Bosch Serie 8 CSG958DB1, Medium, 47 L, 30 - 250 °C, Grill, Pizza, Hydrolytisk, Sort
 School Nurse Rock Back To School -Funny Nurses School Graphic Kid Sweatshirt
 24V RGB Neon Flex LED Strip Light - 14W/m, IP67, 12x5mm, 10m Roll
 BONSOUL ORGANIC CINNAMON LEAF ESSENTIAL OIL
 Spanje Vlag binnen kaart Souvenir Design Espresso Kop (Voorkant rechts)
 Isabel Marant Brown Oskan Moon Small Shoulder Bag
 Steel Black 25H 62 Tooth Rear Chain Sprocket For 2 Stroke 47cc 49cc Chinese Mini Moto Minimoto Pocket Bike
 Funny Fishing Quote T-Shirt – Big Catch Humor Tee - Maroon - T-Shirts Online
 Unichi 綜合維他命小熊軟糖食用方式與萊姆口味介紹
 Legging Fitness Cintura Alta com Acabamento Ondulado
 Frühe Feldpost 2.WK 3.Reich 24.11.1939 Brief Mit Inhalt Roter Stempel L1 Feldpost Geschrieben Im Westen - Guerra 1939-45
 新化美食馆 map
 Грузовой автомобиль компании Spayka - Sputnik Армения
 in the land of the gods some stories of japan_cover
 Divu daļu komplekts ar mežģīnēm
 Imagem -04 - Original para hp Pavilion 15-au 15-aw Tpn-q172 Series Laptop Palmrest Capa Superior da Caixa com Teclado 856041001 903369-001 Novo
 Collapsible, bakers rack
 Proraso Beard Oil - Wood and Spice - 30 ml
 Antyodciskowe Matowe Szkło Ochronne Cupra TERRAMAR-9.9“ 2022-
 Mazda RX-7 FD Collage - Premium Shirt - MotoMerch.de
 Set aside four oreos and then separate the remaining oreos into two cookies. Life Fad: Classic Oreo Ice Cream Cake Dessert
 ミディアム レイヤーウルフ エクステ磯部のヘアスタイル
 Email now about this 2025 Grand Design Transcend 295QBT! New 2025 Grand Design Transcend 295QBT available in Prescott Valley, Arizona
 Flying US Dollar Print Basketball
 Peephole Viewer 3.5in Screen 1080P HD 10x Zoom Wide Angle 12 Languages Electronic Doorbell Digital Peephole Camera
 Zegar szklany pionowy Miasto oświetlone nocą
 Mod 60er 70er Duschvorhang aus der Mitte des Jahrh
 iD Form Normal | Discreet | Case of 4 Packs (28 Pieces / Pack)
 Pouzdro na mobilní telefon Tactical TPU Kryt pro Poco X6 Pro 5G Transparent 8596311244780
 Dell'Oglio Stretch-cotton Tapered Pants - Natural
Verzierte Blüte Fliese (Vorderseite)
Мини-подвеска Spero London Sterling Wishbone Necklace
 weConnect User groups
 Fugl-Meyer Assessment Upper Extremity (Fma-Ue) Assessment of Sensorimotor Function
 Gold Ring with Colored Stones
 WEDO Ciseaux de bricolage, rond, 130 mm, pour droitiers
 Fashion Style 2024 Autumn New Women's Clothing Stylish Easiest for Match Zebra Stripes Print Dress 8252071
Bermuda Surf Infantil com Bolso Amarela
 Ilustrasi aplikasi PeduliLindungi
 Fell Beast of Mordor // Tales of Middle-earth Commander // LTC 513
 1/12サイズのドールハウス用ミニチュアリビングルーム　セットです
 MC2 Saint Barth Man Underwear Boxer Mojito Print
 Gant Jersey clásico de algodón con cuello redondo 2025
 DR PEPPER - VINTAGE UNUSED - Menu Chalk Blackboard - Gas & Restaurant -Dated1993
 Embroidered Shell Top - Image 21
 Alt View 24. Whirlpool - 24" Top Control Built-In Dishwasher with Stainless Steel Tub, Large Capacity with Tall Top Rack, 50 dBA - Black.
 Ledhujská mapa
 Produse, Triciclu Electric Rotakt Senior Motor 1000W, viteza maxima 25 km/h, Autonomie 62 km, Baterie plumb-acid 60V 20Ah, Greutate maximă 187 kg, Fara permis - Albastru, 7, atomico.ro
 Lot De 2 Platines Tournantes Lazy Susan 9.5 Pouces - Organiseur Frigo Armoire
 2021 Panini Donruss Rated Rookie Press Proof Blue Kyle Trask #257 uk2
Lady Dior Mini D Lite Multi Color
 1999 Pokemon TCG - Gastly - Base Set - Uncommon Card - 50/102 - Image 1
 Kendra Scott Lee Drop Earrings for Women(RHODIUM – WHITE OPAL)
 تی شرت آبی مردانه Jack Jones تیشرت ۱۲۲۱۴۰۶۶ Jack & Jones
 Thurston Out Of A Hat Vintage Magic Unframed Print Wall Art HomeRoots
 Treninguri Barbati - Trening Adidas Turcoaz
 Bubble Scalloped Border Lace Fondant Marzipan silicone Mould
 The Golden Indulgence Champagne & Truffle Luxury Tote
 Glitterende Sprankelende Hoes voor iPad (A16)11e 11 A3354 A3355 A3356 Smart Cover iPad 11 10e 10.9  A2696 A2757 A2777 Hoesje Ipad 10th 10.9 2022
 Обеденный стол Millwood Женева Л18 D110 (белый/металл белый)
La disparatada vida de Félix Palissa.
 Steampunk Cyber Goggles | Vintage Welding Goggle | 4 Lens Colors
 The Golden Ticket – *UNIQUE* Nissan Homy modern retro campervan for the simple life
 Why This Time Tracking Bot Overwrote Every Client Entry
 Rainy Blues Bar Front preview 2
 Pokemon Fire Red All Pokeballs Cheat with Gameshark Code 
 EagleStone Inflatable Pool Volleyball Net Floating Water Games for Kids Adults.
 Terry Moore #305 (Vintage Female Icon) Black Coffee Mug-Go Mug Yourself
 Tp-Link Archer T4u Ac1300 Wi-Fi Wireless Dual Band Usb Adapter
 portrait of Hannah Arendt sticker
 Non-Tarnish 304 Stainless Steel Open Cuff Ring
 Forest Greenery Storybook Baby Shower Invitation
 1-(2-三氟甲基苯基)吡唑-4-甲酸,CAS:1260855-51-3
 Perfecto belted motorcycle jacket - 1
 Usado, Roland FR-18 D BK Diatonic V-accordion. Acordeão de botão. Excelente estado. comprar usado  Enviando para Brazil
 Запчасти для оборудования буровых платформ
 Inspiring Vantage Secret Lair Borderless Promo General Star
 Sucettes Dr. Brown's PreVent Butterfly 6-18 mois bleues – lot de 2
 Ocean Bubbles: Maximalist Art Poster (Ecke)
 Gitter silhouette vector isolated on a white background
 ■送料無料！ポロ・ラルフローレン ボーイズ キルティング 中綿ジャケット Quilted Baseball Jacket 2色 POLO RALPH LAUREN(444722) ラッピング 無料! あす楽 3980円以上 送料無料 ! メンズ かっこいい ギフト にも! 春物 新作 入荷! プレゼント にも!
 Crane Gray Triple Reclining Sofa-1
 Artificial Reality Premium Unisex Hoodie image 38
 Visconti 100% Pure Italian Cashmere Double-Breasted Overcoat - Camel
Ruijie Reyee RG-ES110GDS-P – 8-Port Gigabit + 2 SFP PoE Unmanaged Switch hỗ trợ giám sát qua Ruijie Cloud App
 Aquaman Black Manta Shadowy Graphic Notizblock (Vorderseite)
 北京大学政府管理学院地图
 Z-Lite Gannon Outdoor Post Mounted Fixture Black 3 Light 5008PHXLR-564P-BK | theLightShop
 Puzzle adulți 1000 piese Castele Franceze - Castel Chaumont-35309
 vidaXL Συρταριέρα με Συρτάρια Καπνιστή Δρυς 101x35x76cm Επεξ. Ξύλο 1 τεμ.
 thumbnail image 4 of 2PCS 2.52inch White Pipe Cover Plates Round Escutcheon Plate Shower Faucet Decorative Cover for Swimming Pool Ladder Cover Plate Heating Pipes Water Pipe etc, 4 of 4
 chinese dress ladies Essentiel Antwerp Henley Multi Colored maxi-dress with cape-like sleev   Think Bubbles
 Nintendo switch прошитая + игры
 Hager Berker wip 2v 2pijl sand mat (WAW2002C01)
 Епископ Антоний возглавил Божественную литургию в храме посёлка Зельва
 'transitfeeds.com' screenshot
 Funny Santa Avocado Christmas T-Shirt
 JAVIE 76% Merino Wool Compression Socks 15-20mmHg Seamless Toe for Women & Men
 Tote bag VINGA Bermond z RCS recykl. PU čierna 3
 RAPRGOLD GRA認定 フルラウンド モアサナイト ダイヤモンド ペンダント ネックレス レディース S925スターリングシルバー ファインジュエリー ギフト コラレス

************

#### TASK GOAL:
The string "with" shows up in some lines of the listing. Copy each such line.

#### RESPONSE AREA:
 Gold Ring with Colored Stones
 Alt View 24. Whirlpool - 24" Top Control Built-In Dishwasher with Stainless Steel Tub, Large Capacity with Tall Top Rack, 50 dBA - Black.
 Pokemon Fire Red All Pokeballs Cheat with Gameshark Code 
 chinese dress ladies Essentiel Antwerp Henley Multi Colored maxi-dress with cape-like sleev   Think Bubbles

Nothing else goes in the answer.